By the time that internal plans should be in progress, Haynes had sacked everyone who’d worked on the festival in the past. They hadn’t been replaced, leaving the work in his lap.
He didn’t want it.
But senior managers persuaded him against dropping the popular community event altogether. There’s an established procedure, and for the work, they could recruit their event partner, the Roosevelt Island Visual Art Association.
RIVAA had the passion and willingness Haynes lacks. More than one senior staffer refers to him as simply “lazy.”

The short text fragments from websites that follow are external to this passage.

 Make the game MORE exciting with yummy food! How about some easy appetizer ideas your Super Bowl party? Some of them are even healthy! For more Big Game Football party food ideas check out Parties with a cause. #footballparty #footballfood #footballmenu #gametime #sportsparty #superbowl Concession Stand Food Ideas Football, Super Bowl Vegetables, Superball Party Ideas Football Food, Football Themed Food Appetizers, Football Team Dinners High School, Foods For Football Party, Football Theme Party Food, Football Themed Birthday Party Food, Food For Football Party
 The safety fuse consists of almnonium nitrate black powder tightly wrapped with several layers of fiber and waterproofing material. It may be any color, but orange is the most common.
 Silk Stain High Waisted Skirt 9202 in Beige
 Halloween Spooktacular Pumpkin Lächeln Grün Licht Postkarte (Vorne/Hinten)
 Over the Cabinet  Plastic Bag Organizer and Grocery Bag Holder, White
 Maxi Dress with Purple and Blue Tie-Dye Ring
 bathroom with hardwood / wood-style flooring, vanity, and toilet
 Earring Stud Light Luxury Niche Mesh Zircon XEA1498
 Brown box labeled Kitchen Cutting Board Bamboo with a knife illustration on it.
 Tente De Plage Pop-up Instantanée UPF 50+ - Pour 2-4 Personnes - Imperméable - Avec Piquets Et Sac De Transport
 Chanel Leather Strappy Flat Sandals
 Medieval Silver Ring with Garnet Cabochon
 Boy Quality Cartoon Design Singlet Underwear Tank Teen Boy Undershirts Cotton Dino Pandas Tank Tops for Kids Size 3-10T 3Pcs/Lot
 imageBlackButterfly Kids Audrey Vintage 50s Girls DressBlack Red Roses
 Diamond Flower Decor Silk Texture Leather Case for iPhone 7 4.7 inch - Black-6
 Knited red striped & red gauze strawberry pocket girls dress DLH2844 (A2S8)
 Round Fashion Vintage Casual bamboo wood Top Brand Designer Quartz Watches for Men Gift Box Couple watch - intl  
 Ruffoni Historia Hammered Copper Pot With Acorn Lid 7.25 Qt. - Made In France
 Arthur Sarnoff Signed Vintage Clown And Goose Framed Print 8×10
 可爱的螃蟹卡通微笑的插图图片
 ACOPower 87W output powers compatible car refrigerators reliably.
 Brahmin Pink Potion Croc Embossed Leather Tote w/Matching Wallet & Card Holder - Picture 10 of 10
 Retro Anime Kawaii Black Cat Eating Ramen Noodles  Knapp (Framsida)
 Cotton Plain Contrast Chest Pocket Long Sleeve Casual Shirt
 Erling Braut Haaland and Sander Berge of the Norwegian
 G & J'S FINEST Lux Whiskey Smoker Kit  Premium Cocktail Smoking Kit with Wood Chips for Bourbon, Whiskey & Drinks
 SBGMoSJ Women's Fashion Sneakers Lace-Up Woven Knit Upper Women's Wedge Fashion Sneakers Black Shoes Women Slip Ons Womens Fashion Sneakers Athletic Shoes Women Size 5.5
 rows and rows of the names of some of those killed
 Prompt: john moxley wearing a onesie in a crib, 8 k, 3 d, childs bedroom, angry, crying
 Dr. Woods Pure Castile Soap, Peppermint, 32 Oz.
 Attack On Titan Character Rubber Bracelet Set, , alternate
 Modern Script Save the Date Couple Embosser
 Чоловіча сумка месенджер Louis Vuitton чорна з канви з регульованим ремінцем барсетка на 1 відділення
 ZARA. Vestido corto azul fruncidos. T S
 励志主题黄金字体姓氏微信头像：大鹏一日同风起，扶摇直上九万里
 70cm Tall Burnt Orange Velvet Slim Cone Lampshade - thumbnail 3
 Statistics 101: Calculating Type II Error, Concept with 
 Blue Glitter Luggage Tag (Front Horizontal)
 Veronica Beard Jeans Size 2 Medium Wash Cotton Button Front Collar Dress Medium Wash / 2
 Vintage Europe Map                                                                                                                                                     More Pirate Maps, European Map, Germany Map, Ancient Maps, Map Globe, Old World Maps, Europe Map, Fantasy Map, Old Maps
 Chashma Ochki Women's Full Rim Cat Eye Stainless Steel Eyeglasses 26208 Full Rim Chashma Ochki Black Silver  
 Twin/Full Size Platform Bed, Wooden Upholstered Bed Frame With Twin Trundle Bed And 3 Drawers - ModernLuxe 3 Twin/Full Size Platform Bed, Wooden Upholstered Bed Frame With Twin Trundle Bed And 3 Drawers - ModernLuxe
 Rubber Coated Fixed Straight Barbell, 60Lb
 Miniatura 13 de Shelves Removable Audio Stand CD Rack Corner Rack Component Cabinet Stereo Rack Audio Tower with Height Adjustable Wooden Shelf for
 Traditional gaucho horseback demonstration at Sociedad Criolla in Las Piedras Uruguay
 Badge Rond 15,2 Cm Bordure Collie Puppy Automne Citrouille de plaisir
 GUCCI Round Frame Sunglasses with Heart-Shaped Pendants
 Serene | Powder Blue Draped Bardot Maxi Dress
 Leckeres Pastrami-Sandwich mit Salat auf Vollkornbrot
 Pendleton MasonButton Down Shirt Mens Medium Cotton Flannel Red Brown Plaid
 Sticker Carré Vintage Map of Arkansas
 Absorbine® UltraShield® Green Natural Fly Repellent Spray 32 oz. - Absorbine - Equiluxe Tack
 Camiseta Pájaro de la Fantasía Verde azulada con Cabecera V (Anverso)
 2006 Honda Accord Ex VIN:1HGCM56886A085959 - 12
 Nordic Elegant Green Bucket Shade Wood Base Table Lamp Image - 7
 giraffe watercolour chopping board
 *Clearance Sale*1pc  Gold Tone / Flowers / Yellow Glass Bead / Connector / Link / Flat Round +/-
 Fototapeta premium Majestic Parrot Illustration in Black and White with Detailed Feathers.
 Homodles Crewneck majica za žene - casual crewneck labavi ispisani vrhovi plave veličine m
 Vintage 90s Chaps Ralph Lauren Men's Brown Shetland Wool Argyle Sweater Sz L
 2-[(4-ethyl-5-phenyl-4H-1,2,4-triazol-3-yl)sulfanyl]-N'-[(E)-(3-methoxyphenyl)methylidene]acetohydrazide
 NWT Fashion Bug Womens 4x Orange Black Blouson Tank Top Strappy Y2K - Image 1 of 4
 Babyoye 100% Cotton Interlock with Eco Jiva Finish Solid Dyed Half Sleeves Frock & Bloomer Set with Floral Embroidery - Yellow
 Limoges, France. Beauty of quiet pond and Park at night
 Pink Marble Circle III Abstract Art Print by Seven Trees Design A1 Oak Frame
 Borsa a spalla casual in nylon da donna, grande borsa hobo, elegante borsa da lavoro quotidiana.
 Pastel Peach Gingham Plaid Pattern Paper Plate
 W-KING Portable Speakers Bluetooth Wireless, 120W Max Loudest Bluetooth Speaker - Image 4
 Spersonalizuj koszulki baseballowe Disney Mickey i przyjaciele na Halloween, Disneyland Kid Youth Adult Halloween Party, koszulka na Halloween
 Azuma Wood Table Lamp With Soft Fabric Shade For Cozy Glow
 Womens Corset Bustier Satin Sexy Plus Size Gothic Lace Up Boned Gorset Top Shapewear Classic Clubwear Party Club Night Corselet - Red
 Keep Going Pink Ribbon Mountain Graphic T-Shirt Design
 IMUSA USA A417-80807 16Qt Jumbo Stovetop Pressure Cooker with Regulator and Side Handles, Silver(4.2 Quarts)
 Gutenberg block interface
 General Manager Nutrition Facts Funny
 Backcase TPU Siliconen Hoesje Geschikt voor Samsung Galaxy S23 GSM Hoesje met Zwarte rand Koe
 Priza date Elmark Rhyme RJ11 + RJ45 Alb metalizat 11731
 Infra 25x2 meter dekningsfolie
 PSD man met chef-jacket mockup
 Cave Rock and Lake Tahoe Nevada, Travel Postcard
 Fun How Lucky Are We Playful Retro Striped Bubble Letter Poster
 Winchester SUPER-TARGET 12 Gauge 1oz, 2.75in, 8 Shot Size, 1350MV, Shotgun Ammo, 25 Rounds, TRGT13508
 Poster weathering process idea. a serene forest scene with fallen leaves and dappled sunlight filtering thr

‘I don’t know what he does up there with the shades drawn all day.”
But with a late start and volunteer staff picking up the pieces, Fall for Arts was limited to the Rivercross Lawn, a single location, without any of the past extensions of music and food in Southpoint.
Shrinking Community Events
FIGMENT NYC was a coup for Roosevelt Island when then RIOC President/CEO Susan Rosenthal snagged it away from Governors Island in 2018.
Visitors along with Roosevelt Islanders streamed north to Lighthouse Park along both promenades. That was a win in itself as it exposed them to the larger community that got skipped over with other events.
For this year, the pandemic lifting, FIGMENT NYC swung open again – on Staten Island.
Also Disappearing: The Parades
Two of Roosevelt Island’s most popular annual events, sending kids and young at heart parading up Main Street, disappeared. The first, kicking off the Little League season, vanished without a word or apology.
But probably the most disappointing was the loss of the Halloween Parade. For as long as I’ve been on the Island – 22 years – kids in costumes marched past crowds of onlookers on Main Street.
One year, they paraded happily through the snow to a party in Capobianco Field.
But that’s over now, for reasons unknown. A limited event in Southpoint Park, similar to last year’s pandemic-limited gathering, will be held, according to Haynes.
But pandemic restrictions have been lifted, and there’s no excuse for it.
UPDATE: Community pressure and public shaming forced Haynes to organize the parade after all on short notice. It was a hit.
Shrinking Roosevelt Island Day
Miniature railroads once ferried kids along the West Promenade, and there were bounce houses for releasing pent-up energy. Swing bands performed for crowds in Good Shepherd Plaza in the afternoon, and jazz groups played for fans on the Meditation Steps.
That’s gone now, maybe permanently or at least until someone who values community events replaces the self-absorbed but Seldom Seen Shelton Haynes.